NSF program seeks to promote technologies for polar regions
Posted April 5, 2013
Marco Tedesco was recently appointed the Polar Cyberinfrastructure Program director at the National Science Foundation’s Division of Polar Programs . The Polar Cyberinfrastructure Program, in partnership with the Division of Cyberinfrastructure , is part of a cross-foundation initiative called Cyberinfrastructure Framework for 21st Century Science and Engineering (CIF21) .
CIF21 will offer a comprehensive, integrated, secure and sustainable cyberinfrastructure with the intent of accelerating research and education, as well as supporting new functional capabilities in computational and data-intensive science and engineering. Tedesco responded to an email interview about the Polar Cyberinfrastructure Program and its potential impacts to the U.S. Antarctic Program .
1. You were recently appointed program director of the Polar Cyberinfrastructure Program. What is the purpose of this program and what is your role?
My role is to manage existing awards, select new awards through solicited and unsolicited solicitations, work collaboratively with other programs, divisions and agencies to provide service to the scientific community, and in particular the polar community. I am committed to support ideas and initiatives of scientists and engineers involved in Antarctic studies that could benefit from the collaboration and interaction between polar research and cyberinfrastructure. I am thinking, particularly but not exclusively, to early career scientists and those who grew up when “cyber” was not a concept from the future but a fact from the present.
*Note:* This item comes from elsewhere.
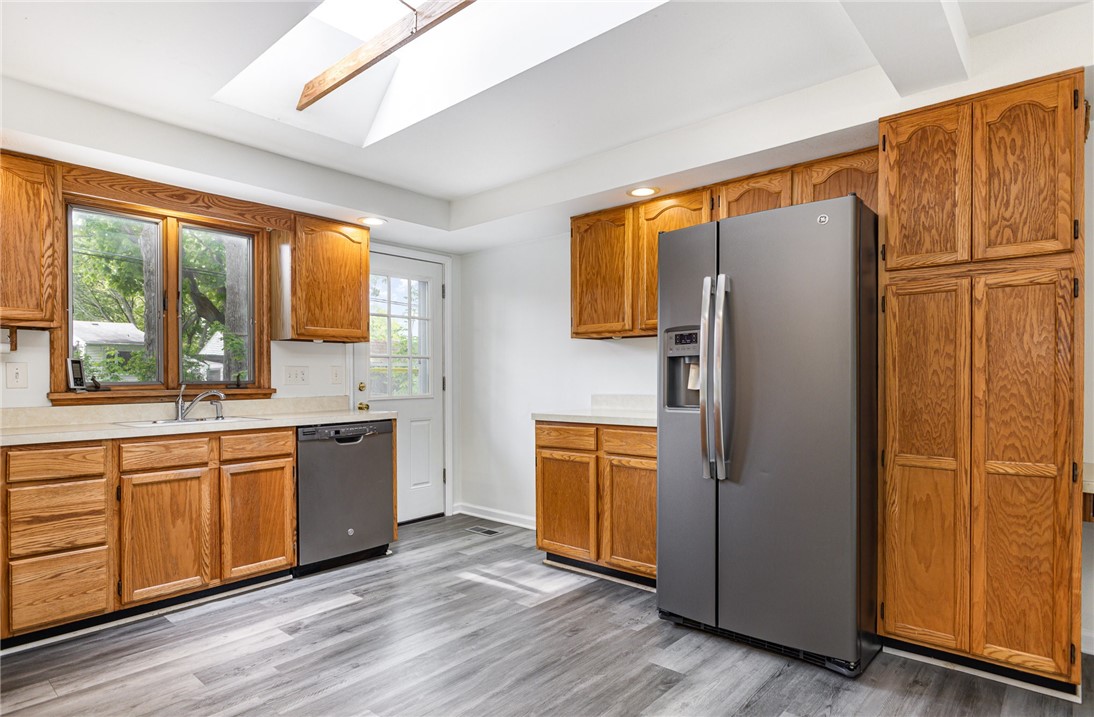 105 Marwood Road, Greece, New York image 12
Photo Credit: Michael San Clements
Marco Tedesco operates a remote-control helicopter in the McMurdo Dry Valleys that sports a camera and GPS that can allow him to geo-reference images.
2. What was the impetus behind the creation of a Polar Cyberinfrastructure Program?
The program was created a few years ago to increase the benefits of a coordinated and synergic interaction between cyberinfrastructure and polar research.
3. What sort of opportunities are available for grantees of the U.S. Antarctic Program? How can scientists and engineers get involved?
Scientists and engineers should submit their ideas through the annual Antarctic solicitation , identifying Polar Cyberinfrastructure as the program for their submission. I am also open to receive proposals and discuss ideas outside the Antarctic solicitation, and I encourage those interested in contacting me via email. There are many aspects and issues within polar and cyberinfrastructure, and I am really looking forward to receiving input from the community about previous and current activities and suggestions for future directions. A driving mechanism for the program to succeed will be the close interaction between domain and computer scientists and the shaping of a community capable of breaking the current barriers and walls separating the two fields. Initiatives such as ad hoc workshops, sessions at major conferences and other similar initiatives can partially address this.
4. How has polar research benefited in the past from advances in cyber technology?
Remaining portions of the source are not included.